3. Il est constant que Mme B..., dont l'examen de la situation a fait l'objet d'un avis favorable de la commission du titre de séjour, réside de manière continue en France depuis au moins douze ans à la date de l'arrêté attaqué. Il ressort des pièces du dossier que ses attaches privées et familiales sont durablement établies sur le territoire français où elle est hébergée et prise en charge par son fils, lui-même né en France en 1982 et de nationalité française. Elle justifie par ailleurs participer activement à l'éducation de ses cinq petits-enfants nés entre 2003 et 2007. A la date d'édiction de l'arrêté en litige, trois de ses frères et sœurs résidaient régulièrement en France sous couvert de titres de séjour d'une durée de dix ans, l'un d'eux étant toutefois décédé au mois d'octobre 2022. Il n'est pas contesté que Mme B..., dont le concubin et père de son fils français est également décédé en France en 2013, ne dispose plus d'aucune attache familiale proche en Serbie. Par suite, dans les circonstances particulières de l'espèce, l'arrêté du 10 juin 2022 a porté une atteinte disproportionnée au droit de Mme B... au respect de sa vie privée et familiale en méconnaissance des stipulations précitées de l'article 8 de la convention européenne de sauvegarde des droits de l'homme et des libertés fondamentales.

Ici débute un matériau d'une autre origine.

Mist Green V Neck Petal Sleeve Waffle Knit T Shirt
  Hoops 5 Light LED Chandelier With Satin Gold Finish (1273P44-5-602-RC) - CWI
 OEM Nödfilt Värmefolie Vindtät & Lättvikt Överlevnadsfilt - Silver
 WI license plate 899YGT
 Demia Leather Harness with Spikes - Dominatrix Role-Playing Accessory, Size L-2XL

4. Il résulte de ce qui précède, sans qu'il soit besoin de se prononcer sur la régularité du jugement attaqué et sur les autres moyens de la requête, que Mme B... est fondée à soutenir que c'est à tort que, par ce jugement, le tribunal administratif de Montreuil a rejeté sa demande.
Sur les conclusions à fin d'injonction :
5. Les motifs du présent jugement impliquent nécessairement qu'il soit enjoint au préfet de la Seine-Saint-Denis ou au préfet territorialement compétent de délivrer à Mme B... un titre de séjour portant la mention " vie privée et familiale ", dans un délai de deux mois à compter de la notification du présent arrêt, sans qu'il y ait lieu d'assortir cette injonction d'une astreinte.

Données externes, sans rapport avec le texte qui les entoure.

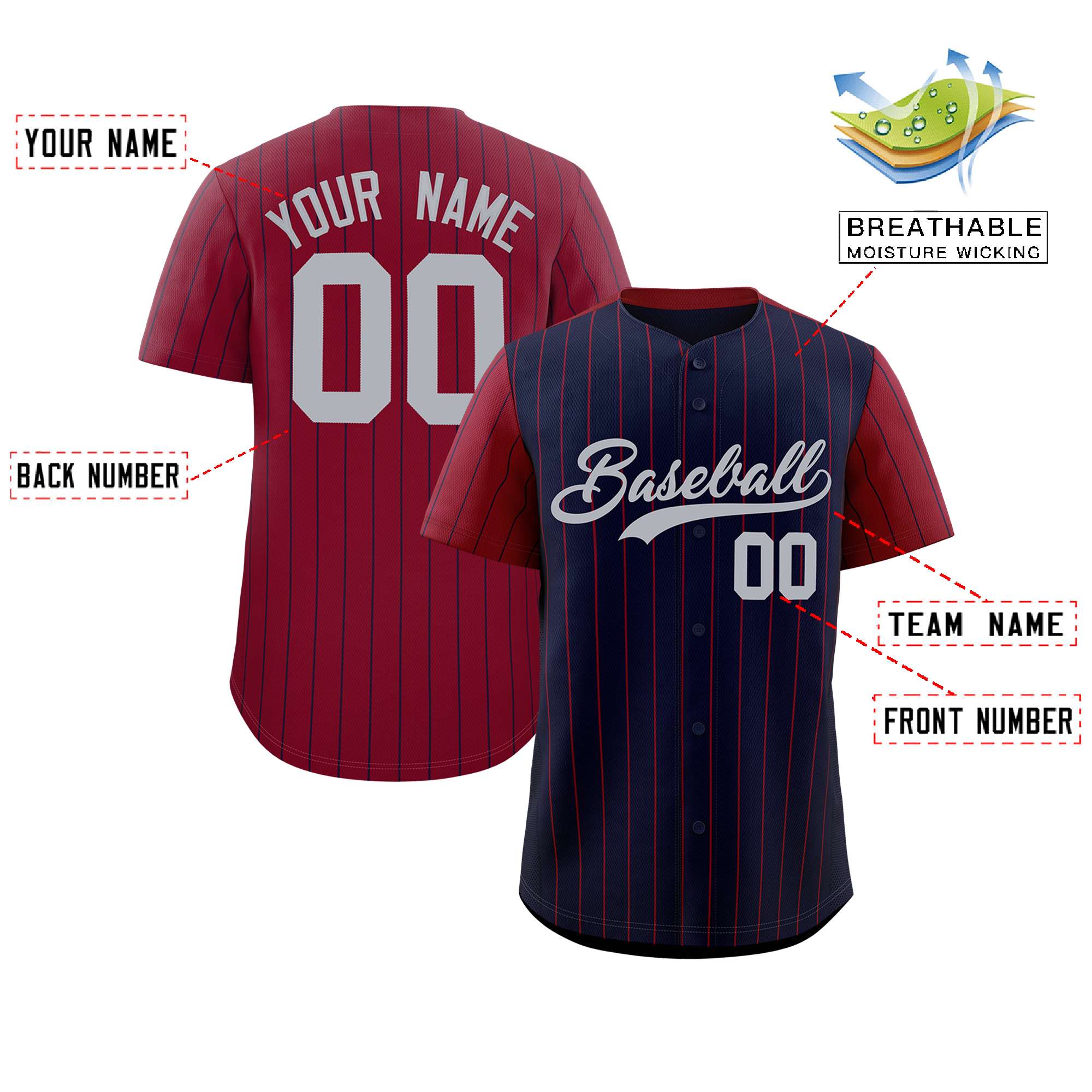 Custom Navy Crimson Pinstripe Personalized Raglan Sleeves Authentic Baseball Jersey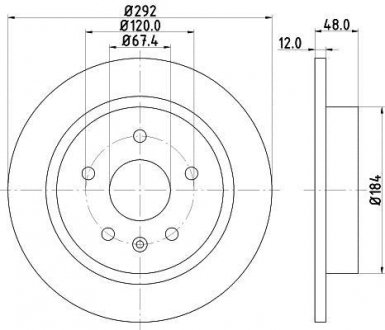 Тормозной диск зад. Insignia A/Malibu 08- 1.4-2.4 (PRO) HELLA 8DD355116-831 (фото 1)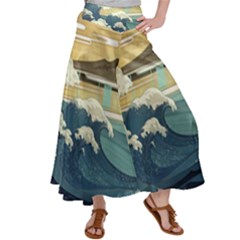 Sea Asia Waves Japanese Art The Great Wave Off Kanagawa Women s Satin Palazzo Pants by Cemarart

Sur les frais liés à l'instance :
6. Dans les circonstances de l'espèce, il y a lieu de mettre à la charge de l'Etat la somme de 1 200 euros au titre des frais exposés par Mme B... et non compris dans les dépens.
D E C I D E :
Article 1er : Le jugement n° 2210079 du tribunal administratif de Montreuil du 11 avril 2023 et l'arrêté du préfet de la Seine-Saint-Denis du 10 juin 2022 sont annulés.
Article 2 : Il est enjoint au préfet de la Seine-Saint-Denis ou au préfet territorialement compétent de délivrer à Mme B... un titre de séjour portant la mention " vie privée et familiale " dans un délai de deux mois à compter de la notification du présent arrêt.
Article 3 : L'Etat versera à Mme B..., une somme de 1 200 euros au titre de l'article L. 761-1 du code de justice administrative.
Article 4: Le présent arrêt sera notifié à Mme A... B... et au ministre de l'intérieur et des outre-mer.
Copie en sera adressée au préfet de la Seine-Saint-Denis.
Délibéré après l'audience du 20 octobre 2023, à laquelle siégeaient :
- M. Carrère, président,
- M. Soyez, président assesseur,
- Mme Lorin, première conseillère.
Rendu public par mise à disposition au greffe de la Cour le 10 novembre 2023.
La rapporteure,
C. LORIN
Le président,
S. CARRERE La greffière,
E. LUCE
La République mande et ordonne au ministre de l'intérieur et des outre-mer en ce qui le concerne ou à tous commissaires de justice à ce requis en ce qui concerne les voies de droit commun, contre les parties privées, de pourvoir à l'exécution de la présente décision.